SEQUENCED UNIQUE Yes
TRANSACTIONTIME CURRENT UNIQUE Yes if the TRANSACTIONTIME for the query is UNTIL_CLOSED
SEQUENCED [period_of_applicability] VALIDTIME CURRENT UNIQUE No
SEQUENCED UNIQUE No
TRANSACTIONTIME CURRENT UNIQUE Yes if the TRANSACTIONTIME for the query is UNTIL_CLOSED
Because the use of a unique join index as an access path is limited to queries with an equality condition on the primary index columns, and a 2-AMP step requires a read of the base table for the qualified RowId, it is possible to find a more optimal plan using the same join index as a covering join index. The Query Rewrite subsystem can also use a unique join index as a regular join index for query rewrites. This means that a unique join index can play a dual role in query optimization.
  • It can be used as a regular join index and as either a partially covering or fully covering join index to rewrite the query.
  • If the query is not rewritten to use the unique join index, the unique join index can be treated as a unique index by the Access Path Planner.

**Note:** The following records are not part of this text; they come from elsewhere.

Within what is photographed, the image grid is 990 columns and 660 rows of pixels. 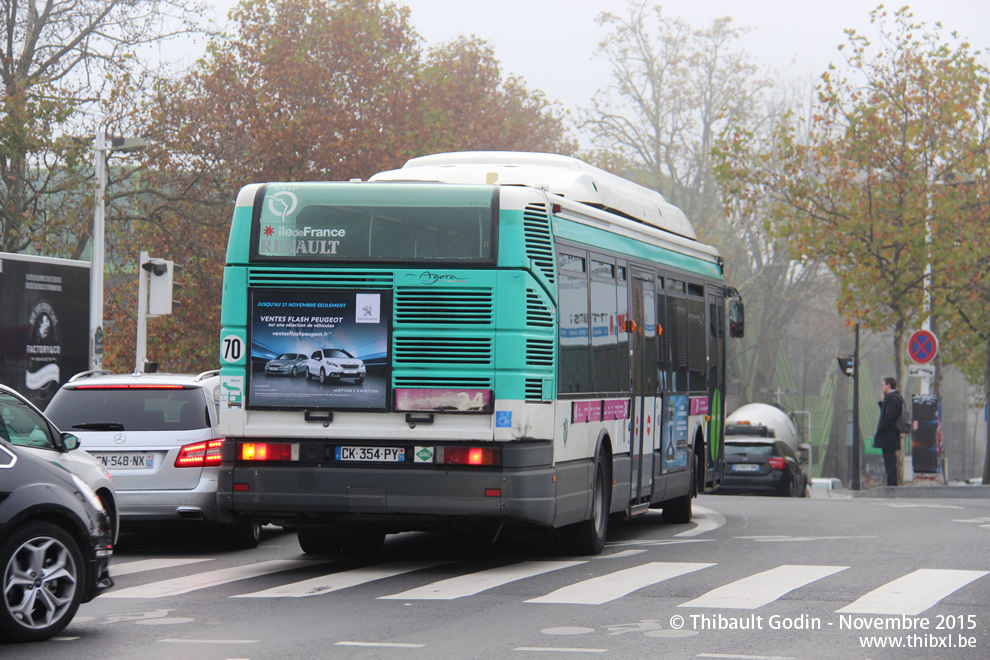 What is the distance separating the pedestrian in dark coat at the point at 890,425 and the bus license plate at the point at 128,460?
16610 mm

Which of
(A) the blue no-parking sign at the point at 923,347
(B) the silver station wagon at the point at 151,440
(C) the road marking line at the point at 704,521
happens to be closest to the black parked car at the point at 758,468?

    The Optimizer can use a unique join index as an access path if there is an equality condition on the base table columns that correspond to the primary index for the join index.

Consider the following example:

CREATE TABLE t1 (
  a1 INTEGER,
  b1 INTEGER,
  c1 INTEGER);
CREATE JOIN INDEX uji AS
  SELECT b1, c1, ROWID
  FROM t1
  WHERE c1 BETWEEN 200 AND 1000
UNIQUE PRIMARY INDEX (b1);

Suppose you submit the following SELECT request against t1:

SELECT b1,c1
FROM t1
WHERE b1=10
AND   c1=500;
The Optimizer evaluates the following plans for this SELECT request:
  • A plan that does a single-AMP retrieval from uji.

    This plan results from the join index rewrite that replaces t1 in the request with uji.

  • A plan that does a 2-AMP retrieval using uji

    This plan results from using uji as an access path.

As is always true, the Optimizer selects the plan with the lower cost.